LA PIERRE ANGULAIRE

Rabbin Weill

L’histoire de l’homme et de l’univers depuis l’origine des temps et aboutissant pour le Judaïsme à un mode de vie ne se raconte pas en un tour de main. L’homme au départ a peur des phénomènes de la nature qui le secouent et souvent le terrorisent dans son quotidien. Sa première démarche consiste à tenter l’apprivoisement de toutes ces forces obscures en les adorant, déguisées en idoles. Ce seront des croyances qui se nourriront de magie et de mysticisme. Et ce n’est pas ainsi que l’homme découvrira sa vraie place dans l’univers. En outre, ce ne sera pas son sujet de préoccupation.. C’est en Grèce qu’on commencera à parler de rationalisme ; un rationalisme qui aboutira à une attitude contemplative de la nature, alors qu’en Extrême-Orient on tentera sous la houlette de l’intuition à se fondre dans l’univers.

L'originalité de la pensée juive consiste à dégager l'homme de tous ces liens. Celui-ci ne sera plus exclusivement un produit de la nature. Il se distinguera des autres créatures par son indépendance. Il sera avant tout une émanation d'un dieu créateur, un être capable de légiférer, apte à se soumettre à une discipline librement consentie. Quelles que soient les contraintes de son destin social ou génétique, il dispose de la liberté. Cette doctrine oppose ainsi à toutes les mythologies anciennes, l'existence d'un dieu unique, absolu, transcendant, bon et tout-puissant. Ces épithètes, il est vrai, ont une connotation humaine, car en réalité on ne sait de lui, que ce qu'il n'est pas. L'idée essentielle est que l'homme couronne la création. Il donne à celle-ci un sens. Le monde a été créé pour l'homme. Ce ne seront plus les forces de la nature qui feront l'objet de notre adoration. Notre raison d'exister sera d'adorer dieu. Notre mission consistera à devenir les maîtres de sa création, des maîtres soucieux de la perfectionner et de la parachever. La création de l'homme est une promotion. Nous devenons les collaborateurs de D., que dis-je, les égaux de Dieu ayant la faculté d'obéir ou de nous rebeller. Nous sommes les premiers à entrer en dialogue avec D. et à fixer à notre conscience un but éthique dans le monde. Notre raison révèle un D. transcendant et de notre cœur surgit un D. immanent.

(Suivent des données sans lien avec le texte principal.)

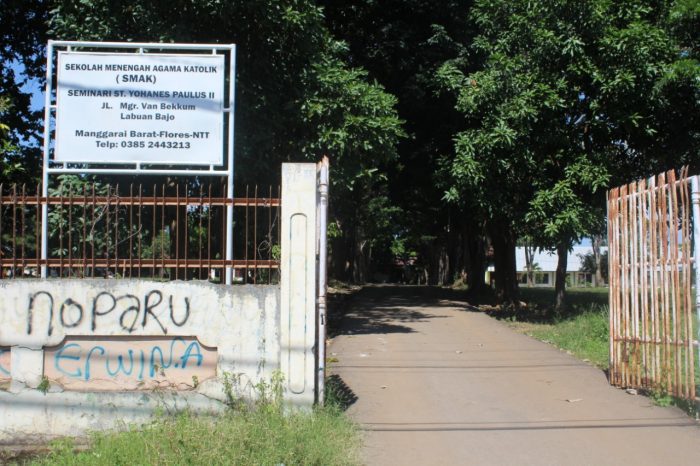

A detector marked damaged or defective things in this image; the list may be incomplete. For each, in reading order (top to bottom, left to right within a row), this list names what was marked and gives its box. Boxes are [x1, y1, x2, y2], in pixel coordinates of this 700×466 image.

rusty orange gate [608, 167, 700, 400]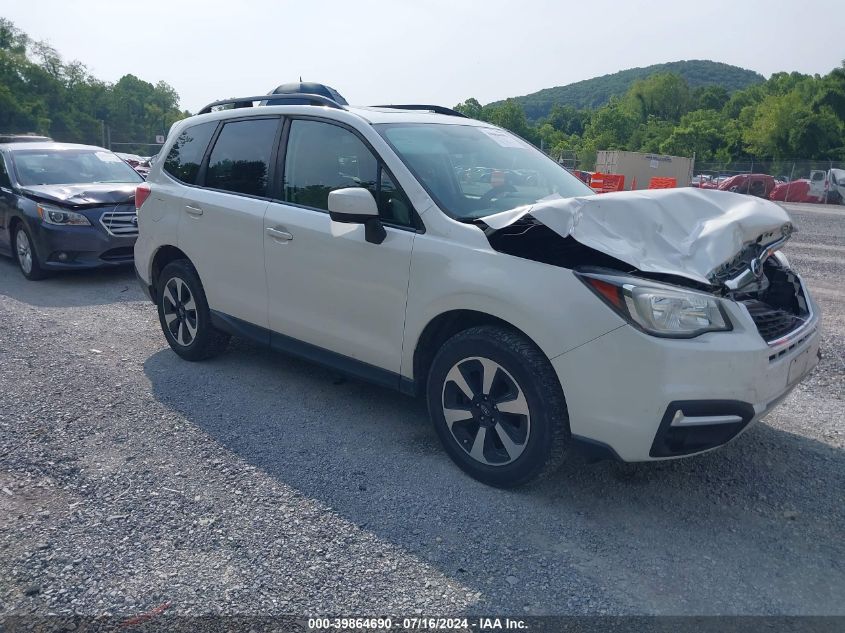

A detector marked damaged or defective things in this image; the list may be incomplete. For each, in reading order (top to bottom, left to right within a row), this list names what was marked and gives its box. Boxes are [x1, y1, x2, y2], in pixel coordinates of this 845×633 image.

Abraham est le premier à mettre en évidence l'existence d'un D. qui est à la fois absolu et présent dans le cœur de l'homme, c’est à dire poussière de la terre et étincelle immortelle de l'infini. Aussi, ce n’est certes pas une tâche facile que d'élaborer sans cesse l’équilibre entre la raison et l'amour.

Sans comprendre Dieu, l’essentiel pour nous consiste à l’aimer en le servant tant par la parole que par l’action. C’est là tout le fondement de notre doctrine. Scruter l’incompréhensible n’entre pas dans nos prérogatives. D. est la «lumière inaccessible ». La première lettre de la Bible n’est ouverte que vers l’avant, comme si elle voulait dès l’abord fixer les limites de nos investigations. C’est une éternelle énigme. Cependant le mot dogme est étranger au Judaïsme. Et c’est ainsi que chacun d’entre nous interprétera la foi à sa façon.

Mulhouse Pour nous, le péché originel n'existe pas. Notre désobéissance au jardin d'Eden a donné simplement libre cours à nos pulsions. Celles-ci ont rendu difficile la distinction entre le bien et le mal. Pour nous permettre de retrouver le chemin juste, Dieu nous a donné la Tora, c'est-à-dire la bonne direction. La Tora n'est pas une loi rigide. C'est une loi qui s'adapte à la vie et qui comme la vie peut évoluer et répondre aux questions d'une brûlante actualité.

Pour le Juif, il n'y a pas non plus d'intermédiaire. Chacun est responsable de ses paroles et de ses actes. Et c'est à ce titre qu'un jour nous serons jugés.